THE GOOD, THE BAD and THE SLIPPERY OF LUBE
Posted on August 9, 2015
There are many reasons to use lubricants (lube) during sexual activities, though there still remains a misconception by many that only old people (mostly women) really need it. And though lube is extremely helpful in making intercourse much more comfortable and enjoyable for peri/post menopausal women, that’s just the beginning of the story. Some other situations and reasons to use lube are:
*When time only allows for a quickie and natural lubrication is lagging
*When you’re going for a marathon love making session
*Easier, more comfortable when using toys
*It decreases friction, thus decreasing irritation and break down of skin integrity (which will also decrease incidence of sexual transmitted infections)

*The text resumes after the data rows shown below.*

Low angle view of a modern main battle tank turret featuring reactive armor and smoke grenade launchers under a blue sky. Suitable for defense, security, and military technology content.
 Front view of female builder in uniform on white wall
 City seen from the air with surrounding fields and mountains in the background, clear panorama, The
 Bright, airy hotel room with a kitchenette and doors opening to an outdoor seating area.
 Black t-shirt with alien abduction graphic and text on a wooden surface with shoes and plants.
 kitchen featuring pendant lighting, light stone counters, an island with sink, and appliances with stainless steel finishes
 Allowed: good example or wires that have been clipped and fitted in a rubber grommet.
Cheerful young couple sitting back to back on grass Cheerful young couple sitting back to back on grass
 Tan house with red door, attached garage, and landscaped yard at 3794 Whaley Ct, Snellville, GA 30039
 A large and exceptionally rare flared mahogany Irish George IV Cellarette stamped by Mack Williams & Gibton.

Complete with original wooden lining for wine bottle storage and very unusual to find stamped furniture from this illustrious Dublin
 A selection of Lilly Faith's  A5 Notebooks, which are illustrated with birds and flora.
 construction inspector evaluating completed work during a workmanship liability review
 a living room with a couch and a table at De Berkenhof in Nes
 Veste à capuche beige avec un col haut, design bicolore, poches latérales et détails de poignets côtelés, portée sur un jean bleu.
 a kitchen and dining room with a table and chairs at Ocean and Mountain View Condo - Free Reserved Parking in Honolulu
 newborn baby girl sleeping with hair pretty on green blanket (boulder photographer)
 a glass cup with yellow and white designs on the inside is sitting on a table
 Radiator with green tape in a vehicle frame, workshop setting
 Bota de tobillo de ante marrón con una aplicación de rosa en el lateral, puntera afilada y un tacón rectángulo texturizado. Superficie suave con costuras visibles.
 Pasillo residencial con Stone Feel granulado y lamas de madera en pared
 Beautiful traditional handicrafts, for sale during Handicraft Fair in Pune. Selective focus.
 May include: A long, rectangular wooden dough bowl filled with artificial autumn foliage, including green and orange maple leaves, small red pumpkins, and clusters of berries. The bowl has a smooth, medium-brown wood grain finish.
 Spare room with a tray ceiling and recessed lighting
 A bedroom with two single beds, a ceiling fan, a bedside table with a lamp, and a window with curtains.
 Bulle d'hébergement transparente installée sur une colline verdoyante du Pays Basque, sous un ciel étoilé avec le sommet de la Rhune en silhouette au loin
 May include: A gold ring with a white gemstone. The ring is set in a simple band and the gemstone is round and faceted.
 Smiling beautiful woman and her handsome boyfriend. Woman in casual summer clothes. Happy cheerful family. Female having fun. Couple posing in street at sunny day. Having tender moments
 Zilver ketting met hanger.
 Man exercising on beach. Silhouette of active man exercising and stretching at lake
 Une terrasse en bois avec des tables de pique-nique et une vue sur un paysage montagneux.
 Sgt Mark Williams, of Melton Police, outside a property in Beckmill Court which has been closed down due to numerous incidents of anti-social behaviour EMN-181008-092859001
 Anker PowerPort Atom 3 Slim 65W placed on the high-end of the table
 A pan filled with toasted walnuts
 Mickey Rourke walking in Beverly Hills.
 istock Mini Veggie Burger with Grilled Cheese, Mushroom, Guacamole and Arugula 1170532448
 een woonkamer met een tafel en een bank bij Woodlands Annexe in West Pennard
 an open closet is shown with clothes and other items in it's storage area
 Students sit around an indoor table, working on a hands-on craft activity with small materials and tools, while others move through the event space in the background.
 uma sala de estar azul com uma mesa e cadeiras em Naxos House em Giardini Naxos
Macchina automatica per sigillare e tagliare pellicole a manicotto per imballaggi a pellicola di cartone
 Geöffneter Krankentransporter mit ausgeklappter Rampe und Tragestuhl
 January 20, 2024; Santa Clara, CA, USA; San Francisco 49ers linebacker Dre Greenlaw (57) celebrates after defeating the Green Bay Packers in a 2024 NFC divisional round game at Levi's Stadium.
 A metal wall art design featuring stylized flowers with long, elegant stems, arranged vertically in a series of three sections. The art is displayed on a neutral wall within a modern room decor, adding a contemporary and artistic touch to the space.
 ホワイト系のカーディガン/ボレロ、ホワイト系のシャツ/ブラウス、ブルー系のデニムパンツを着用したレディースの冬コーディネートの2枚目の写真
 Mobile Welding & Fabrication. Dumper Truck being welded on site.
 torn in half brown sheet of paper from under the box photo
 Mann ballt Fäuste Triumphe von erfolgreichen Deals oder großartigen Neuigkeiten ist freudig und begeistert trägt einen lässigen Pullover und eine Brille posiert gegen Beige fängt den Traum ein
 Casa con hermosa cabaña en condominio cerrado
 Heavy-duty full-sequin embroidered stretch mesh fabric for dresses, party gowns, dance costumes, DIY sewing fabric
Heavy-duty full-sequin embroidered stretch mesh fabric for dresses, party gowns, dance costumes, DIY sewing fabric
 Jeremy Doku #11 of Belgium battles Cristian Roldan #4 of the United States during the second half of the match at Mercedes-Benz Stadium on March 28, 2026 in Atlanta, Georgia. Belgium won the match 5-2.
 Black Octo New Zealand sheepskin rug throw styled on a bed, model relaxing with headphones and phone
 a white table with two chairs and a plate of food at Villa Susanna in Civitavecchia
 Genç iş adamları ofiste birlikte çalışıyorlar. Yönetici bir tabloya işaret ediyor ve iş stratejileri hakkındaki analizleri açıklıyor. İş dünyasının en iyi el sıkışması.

*It reduces performance anxiety and pressure (no one will be thinking “Oh, I’m not wet so he/she is going to think I’m not turned on”)
*When taking certain medications like birth control pills and antihistamines
*Having sex in water (silicone lube works best for watersports)
*Just because it feels REALLY good
Now that you know some of the reasons to use lube, it’s really important to know that some lubes are really, really bad for you, and you shouldn’t just slather any old product on your privates. Lots of lube companies are just in it for the money and don’t really care about your health & well being. And just because a lube is expensive doesn’t necessarily mean it’s better. In general my mantra tends to be, if you can’t pronounce it you shouldn’t be putting it in your vagina or on your penis (exception: some silicone lube ingredients are hard to pronounce but can work very well).
Obviously (or maybe not), you want to avoid lubes with artificial colors and scents. Hypoallergenic on a label is almost meaningless as the FDA has little to no criteria for what hypoallergenic lube is. Never use Vaseline, mineral oil or Nonoxynol 9 as these are petroleum products, and really, do you want to put petroleum in your love box?!?! Didn’t think so. Probably best to avoid lubes that have glycerin, xylitol & galactose as they are basically sugar, and yeast (infections) love, love, love to grow on them. Chlorhexadine is a very harsh preservative that can be extremely irritating and kills natural bacteria leaving you open to more infections.
Some vegetables oils work quite well, are very inexpensive, and have few or no negative side effects–though there are those out there that would argue this point with me. Don’t use flavored oil, like garlic or hot peppers–OUCH!! Jojoba, olive and coconut oil, in addition to being good lubes, can be very soothing to vaginal tissues. But be careful as oils can go rancid. Keep them fresh and don’t interchange your cooking oils with your sex oils!
So I know it’s kinda hard to bring this list when you’re lube shopping, and you might not want to look like a geek with list in hand while you’re checking all the ingredients. But maybe you’re fine with that. Anyway, some lubes to stay away from are: almost all Astroglide lubes, ditto KY products, and Surgilube. Some recommendations, and personal favorites ;-)) are: coconut oil, Platinum, Sutil, and Aloe Cadabra. For those of you who live around Ventura County where I live and like to support local businesses then Aloe Cadabra is your lube (and it’s made form 95% organic aloe vera!). It’s available in lots of places or you can order it online at aloecadabra.com.
Bottom line is, you have to try a few different lubes to see which feels best for you (and your partner, if you have one). So go get slippery and have fun picking your favorite!